Let’s imagine we have an agent subject to a simple survival pressure: the agent is subject to a repeated game for which in every iteration he is shown an array of images. If he is able to point to the image that cannot be construed to match the others, he gains one util; otherwise, he loses one util. Assume for the sake of argument that in every case the images will be of either n-1 rabbits with one non-rabbit duck or n-1 ducks with one non-duck rabbit (if asserting that the duck must be non-rabbit seems silly, sit tight for a paragraph or so). Because target distributions can be associated with preferences, we infer that his target distribution is one where the images are available and usefully distinguishable in the sensory function. That is, where raw data from the images are available and matched to priors that allow for the appropriate odd-one-out to be identified. To get there, the agent applies some RL algorithm to update his distribution p on raw data (by updating his actions — for example, we can expect that he will converge to turning his head toward the images in question) and on priors (going from blank slate to having some maximally useful tiling of the latent space). Once at t, the agent sits pretty.

Ok, so far so good. The agent starts out with p0 initialized at some random point in the distribution of distributions, applies an RL algorithm, and ends up at t (or t’ in t’s level-set). 

Now, let’s make things interesting. Assume that we subject the agent to an adaptive pressure; as the experiment proceeds, we begin to constrain time on a basis that decreases time asymptotically toward 0. Moreover, we start introducing versions of the famous Wittgensteinian rabbitduck to the arrays:

What might we expect in terms of target distribution? Well, the agent will still need to be able to accept the correct raw data and distinguish between rabbits and ducks. But now he must do so quickly. He has an obvious strategy to optimize ambiguity-elimination:

Check if the majority type is known. If the majority type is known to be X, for each image, check if the raw data sufficiently conforms to the prior for X. If it does not, flag the image as the exception and conclude. If the majority type is unknown, check if the raw data for the image in focus sufficiently conforms to each prior.

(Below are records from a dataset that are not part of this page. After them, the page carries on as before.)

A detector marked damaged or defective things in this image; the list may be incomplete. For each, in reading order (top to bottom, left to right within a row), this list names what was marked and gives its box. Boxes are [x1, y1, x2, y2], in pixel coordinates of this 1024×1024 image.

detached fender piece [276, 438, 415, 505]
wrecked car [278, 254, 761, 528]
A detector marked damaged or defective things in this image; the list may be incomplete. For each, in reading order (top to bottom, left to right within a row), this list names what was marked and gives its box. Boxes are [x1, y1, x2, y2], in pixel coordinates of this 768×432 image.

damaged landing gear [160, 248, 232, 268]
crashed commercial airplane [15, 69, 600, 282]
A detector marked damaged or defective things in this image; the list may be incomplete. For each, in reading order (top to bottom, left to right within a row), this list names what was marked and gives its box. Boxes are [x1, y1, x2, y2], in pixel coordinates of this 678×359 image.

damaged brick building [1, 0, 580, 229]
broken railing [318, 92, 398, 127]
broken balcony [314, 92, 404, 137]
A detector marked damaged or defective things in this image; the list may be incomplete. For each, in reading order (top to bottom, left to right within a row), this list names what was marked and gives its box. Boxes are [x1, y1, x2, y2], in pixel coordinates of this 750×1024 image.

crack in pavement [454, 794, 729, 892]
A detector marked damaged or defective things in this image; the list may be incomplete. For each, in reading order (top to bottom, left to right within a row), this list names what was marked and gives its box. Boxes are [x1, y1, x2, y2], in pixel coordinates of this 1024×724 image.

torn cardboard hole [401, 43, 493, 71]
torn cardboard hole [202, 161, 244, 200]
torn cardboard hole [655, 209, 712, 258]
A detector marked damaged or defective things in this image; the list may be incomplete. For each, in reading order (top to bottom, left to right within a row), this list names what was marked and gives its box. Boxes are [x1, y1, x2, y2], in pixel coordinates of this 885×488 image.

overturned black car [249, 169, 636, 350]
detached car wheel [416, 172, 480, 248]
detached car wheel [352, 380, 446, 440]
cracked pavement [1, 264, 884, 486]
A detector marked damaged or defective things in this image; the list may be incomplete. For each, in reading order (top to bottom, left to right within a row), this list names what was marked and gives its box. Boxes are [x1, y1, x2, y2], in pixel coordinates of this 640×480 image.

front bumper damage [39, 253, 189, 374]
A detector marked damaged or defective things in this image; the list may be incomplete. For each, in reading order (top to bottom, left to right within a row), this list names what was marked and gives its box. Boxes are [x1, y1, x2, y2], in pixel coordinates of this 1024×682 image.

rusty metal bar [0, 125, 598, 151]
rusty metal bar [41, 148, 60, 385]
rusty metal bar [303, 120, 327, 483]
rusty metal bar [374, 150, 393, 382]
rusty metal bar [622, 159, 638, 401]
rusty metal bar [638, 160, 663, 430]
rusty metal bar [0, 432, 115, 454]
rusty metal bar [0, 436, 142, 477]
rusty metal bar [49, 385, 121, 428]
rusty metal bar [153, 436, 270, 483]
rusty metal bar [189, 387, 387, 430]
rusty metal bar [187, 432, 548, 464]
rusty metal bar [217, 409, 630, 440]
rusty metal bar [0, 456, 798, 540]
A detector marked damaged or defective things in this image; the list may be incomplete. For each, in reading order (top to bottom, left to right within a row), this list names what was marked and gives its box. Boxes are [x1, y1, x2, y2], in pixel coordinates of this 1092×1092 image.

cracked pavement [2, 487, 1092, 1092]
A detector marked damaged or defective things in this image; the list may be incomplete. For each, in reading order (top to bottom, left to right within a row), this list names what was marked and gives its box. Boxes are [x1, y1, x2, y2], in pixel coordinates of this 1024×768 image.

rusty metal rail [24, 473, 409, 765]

If this image is not the first inspected, and disagrees (does not share a compatible prior) with the former image, and it is not the second image, flag it and conclude. If it is the second image, then check if the third image agrees with the first image. If it does, flag the second image. If not, flag the first. In either case, conclude.

If it, however, agrees, proceed to apply the algorithm to the next image after updating the majority type according to the following rule: if a prior has 2 or more total matches after this check, assign the majority type to this prior.

While identifying the majority type introduces some overhead, for sufficiently high n it should reach fixation. Now, what would happen if we shone a light before each trial that indicated the majority type? Red for rabbit and dandelion for duck. The optimal algorithm simply becomes:

For majority type X, for each image, check if the raw data sufficiently conforms to the prior for X. If it does not, flag the image as the exception. If it does, proceed to the next image.

This saves a lot of time and will maximize our agent’s number of utils over the game. But it also introduces apparent contradiction. Because our agent only ever compares an image’s raw data to one prior, in one iteration he may assign “only rabbit” to the ambiguous image and, and in another he may assign “only duck.” He has neither the luxury nor the need to ever check if an image can match both. Time constraints and signals have led to a compression of sensory reality and an elimination of ambiguity.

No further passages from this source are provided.